Start of RECORDED DATA

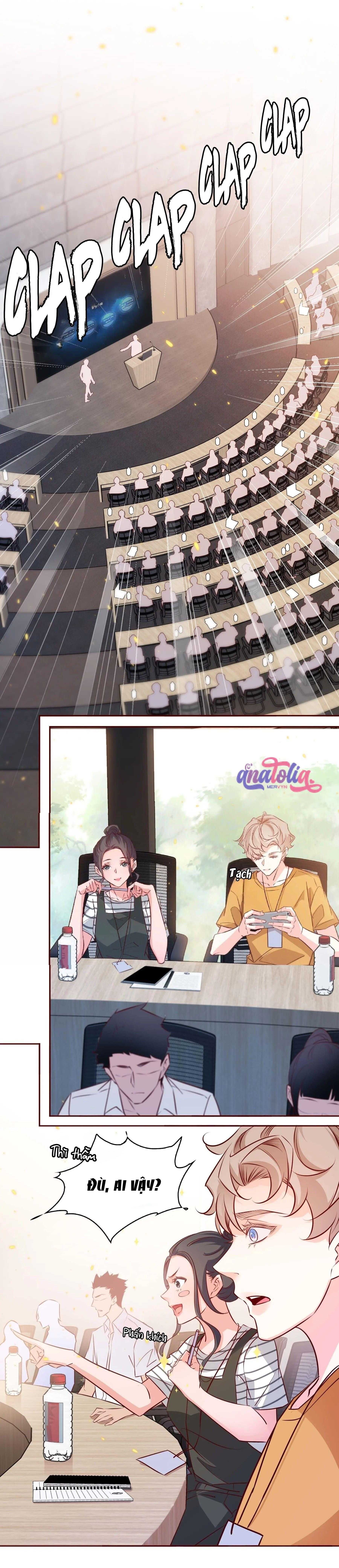 Yêu Em Bất Chấp Chapter 9 - 7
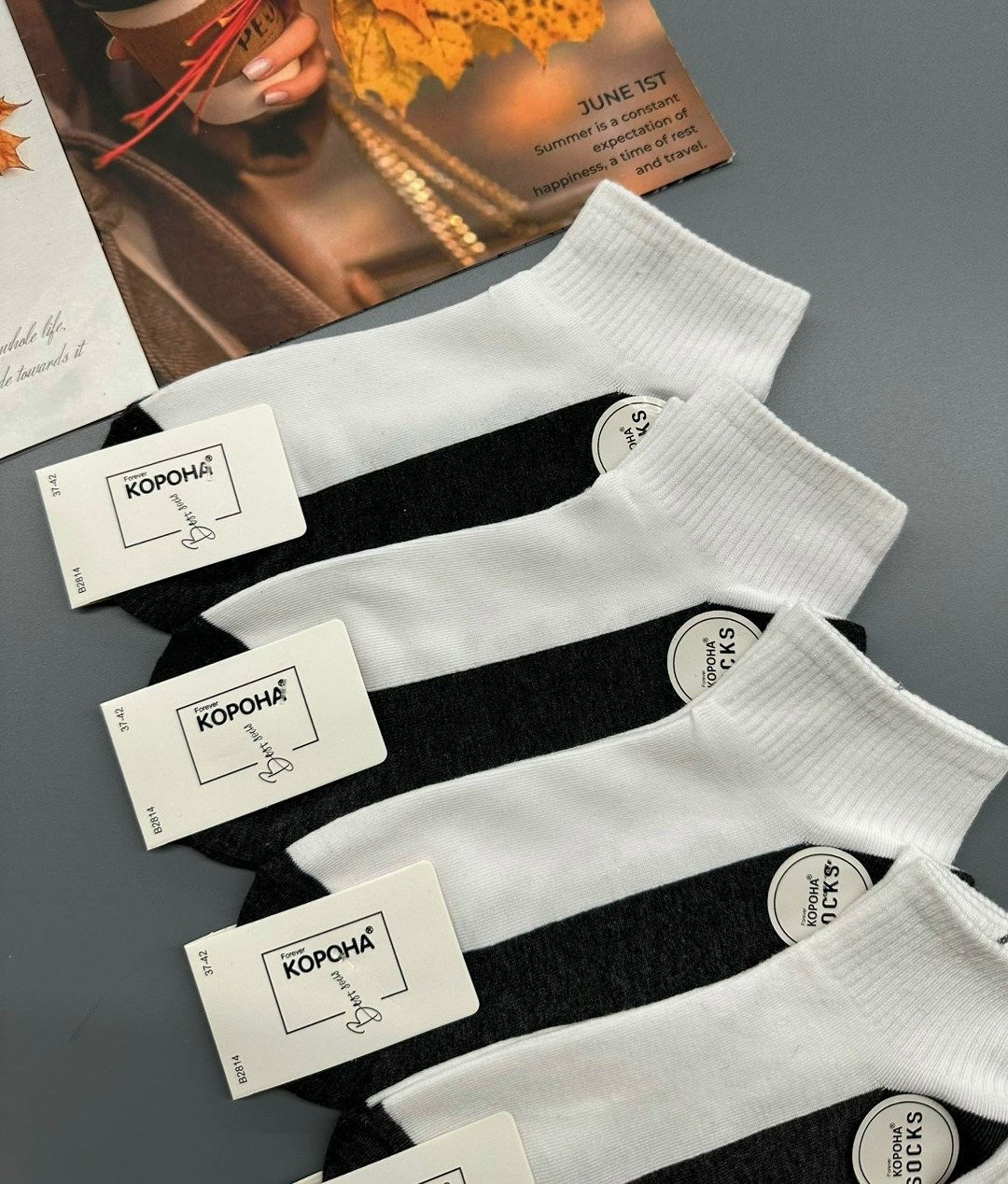 носки женские,носки женские 10 пар,носки мужские,носки короткие набор 10 пар туркан,носки комплект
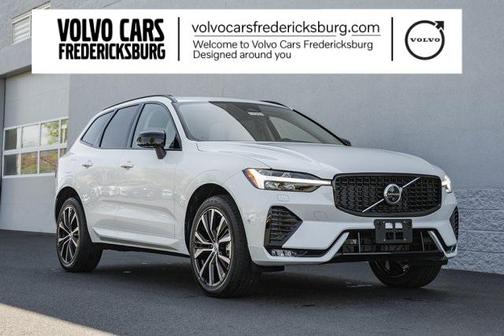 2025 Volvo XC60 B5 Ultra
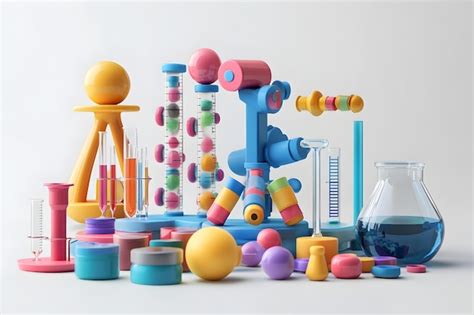 Image result for 3D Model Science Project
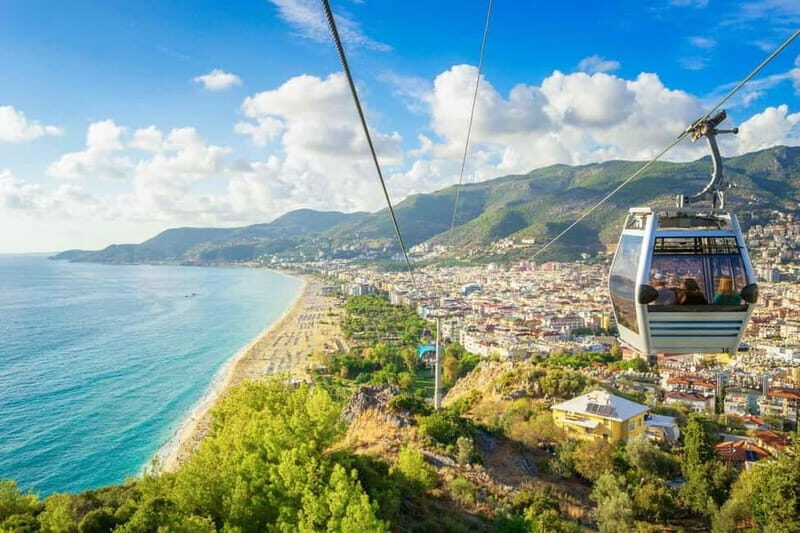 Alanya: Full-Day City Tour with Sunset Views, Beach, & Caves - Who Will Love This Tour?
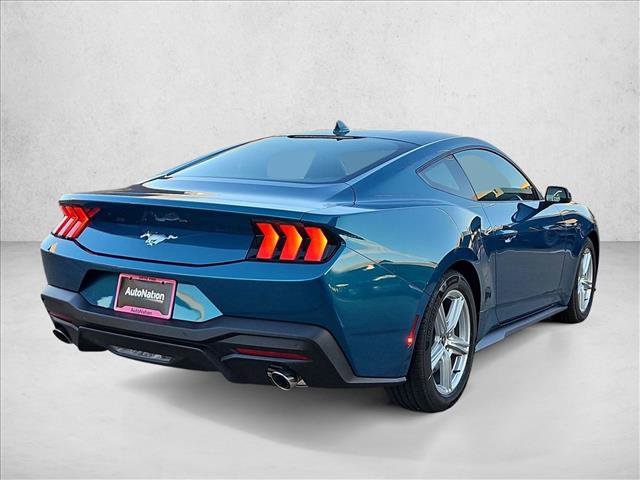 New 2026 Ford Mustang Coupe RWD image 2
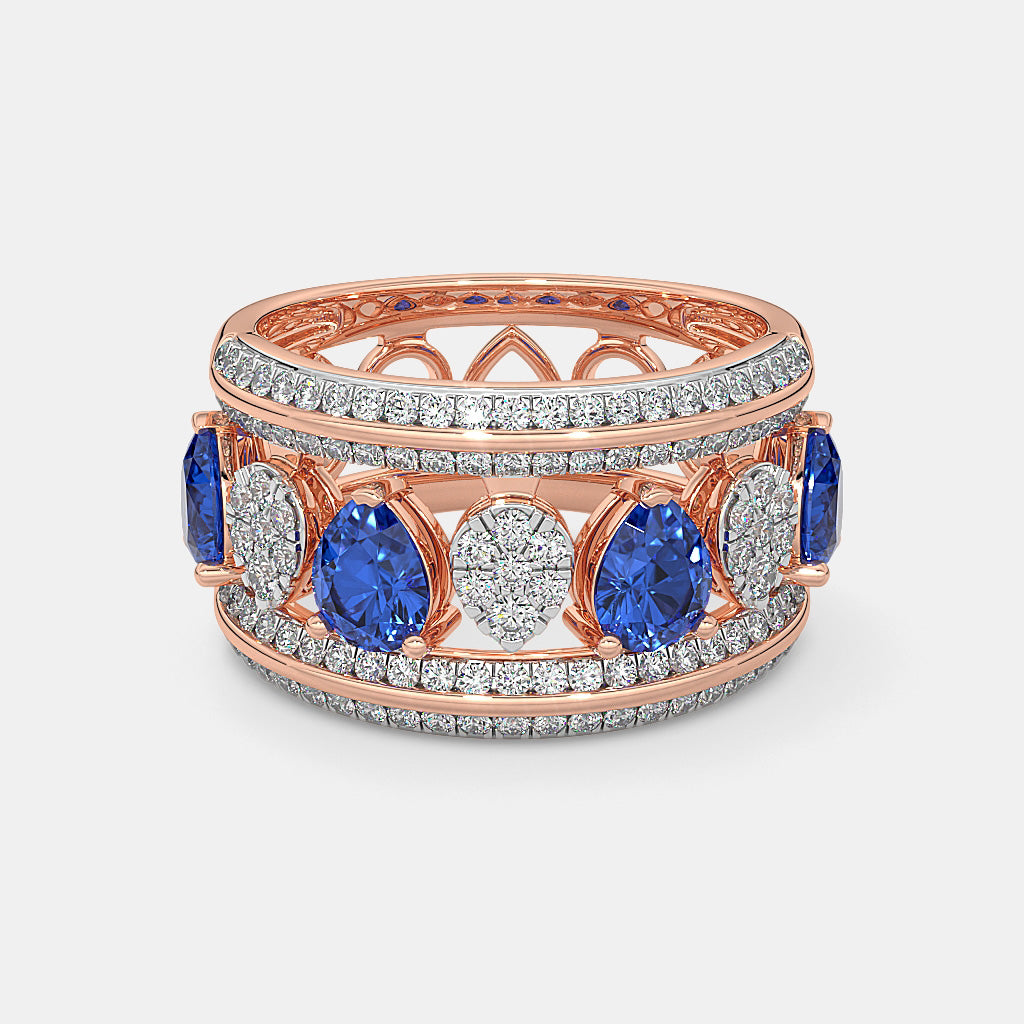 The Arutiu Stackable Ring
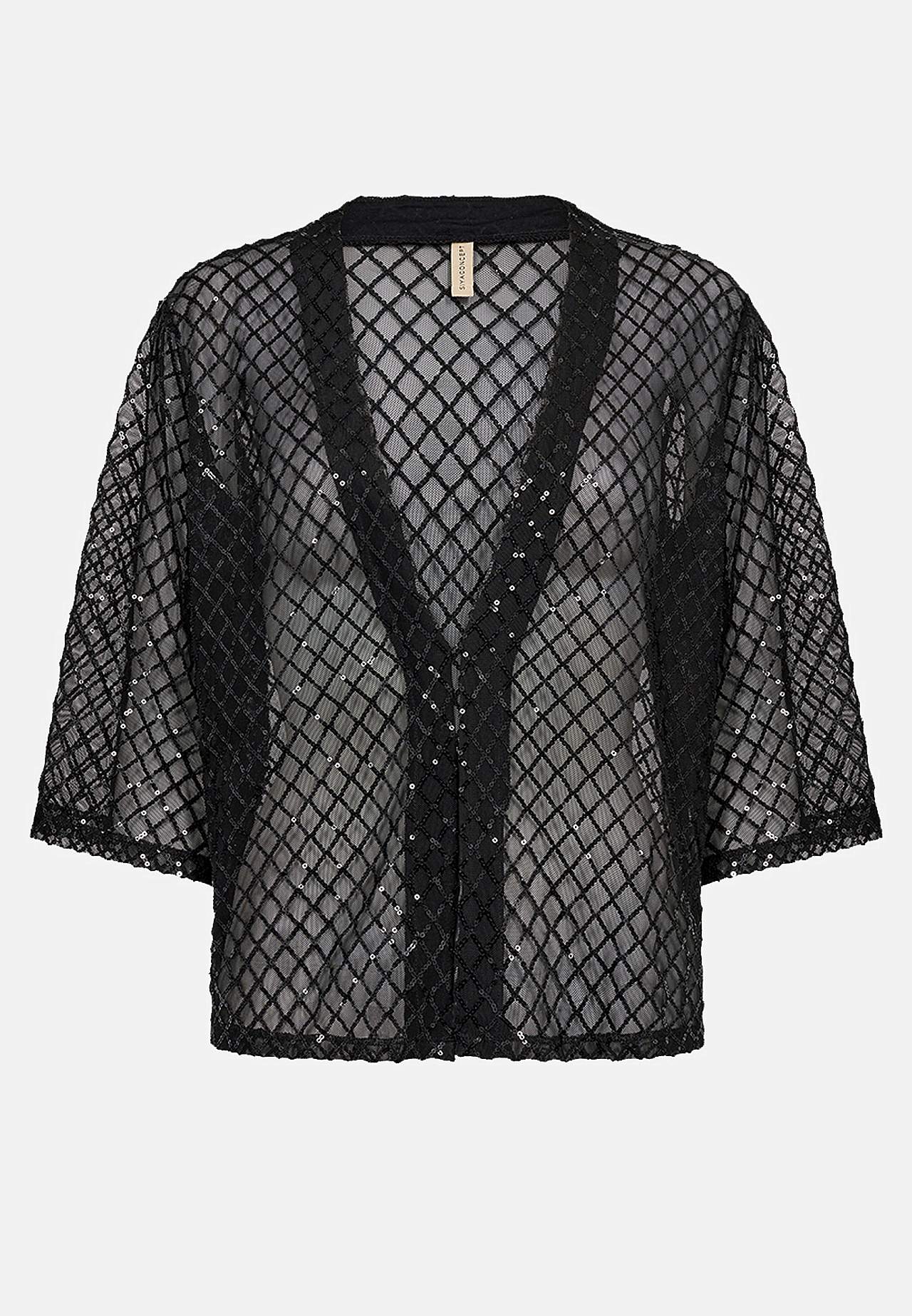 Elegantne litritega jakk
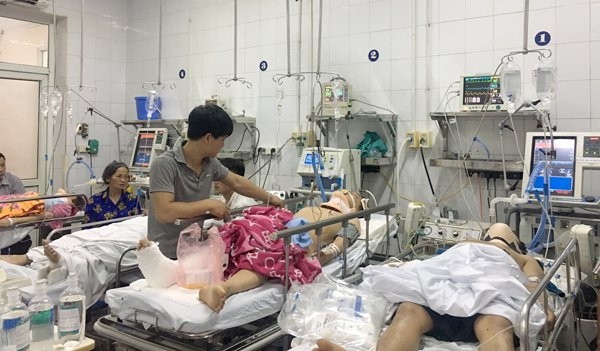 nghỉ lễ 30/4, tai nạn giao thông dịp 30/4, bệnh viện Việt Đức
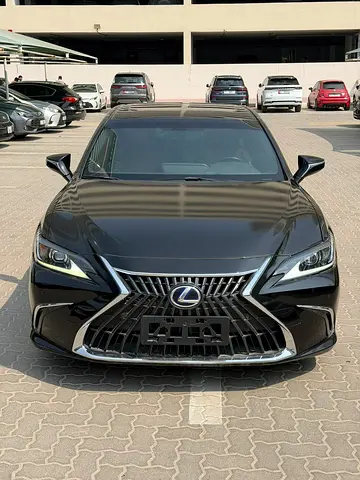 Lexus Es300 Hybrid Gcc Cash & Inhouse finance and Zerp dp
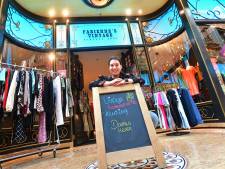 Vintagewinkel van Fabiënne doorslaand succes: zes weken na opening verhuist ze al naar groter pand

End of RECORDED DATA

* PROBLEM DESCRIPTION
Give back the material above exactly, with each picture removed.

* EXPECTED ANSWER
 Yêu Em Bất Chấp Chapter 9 - 7
 носки женские,носки женские 10 пар,носки мужские,носки короткие набор 10 пар туркан,носки комплект
 2025 Volvo XC60 B5 Ultra
 Image result for 3D Model Science Project
 Alanya: Full-Day City Tour with Sunset Views, Beach, & Caves - Who Will Love This Tour?
 New 2026 Ford Mustang Coupe RWD image 2
 The Arutiu Stackable Ring
 Elegantne litritega jakk
 nghỉ lễ 30/4, tai nạn giao thông dịp 30/4, bệnh viện Việt Đức
 Lexus Es300 Hybrid Gcc Cash & Inhouse finance and Zerp dp
 Vintagewinkel van Fabiënne doorslaand succes: zes weken na opening verhuist ze al naar groter pand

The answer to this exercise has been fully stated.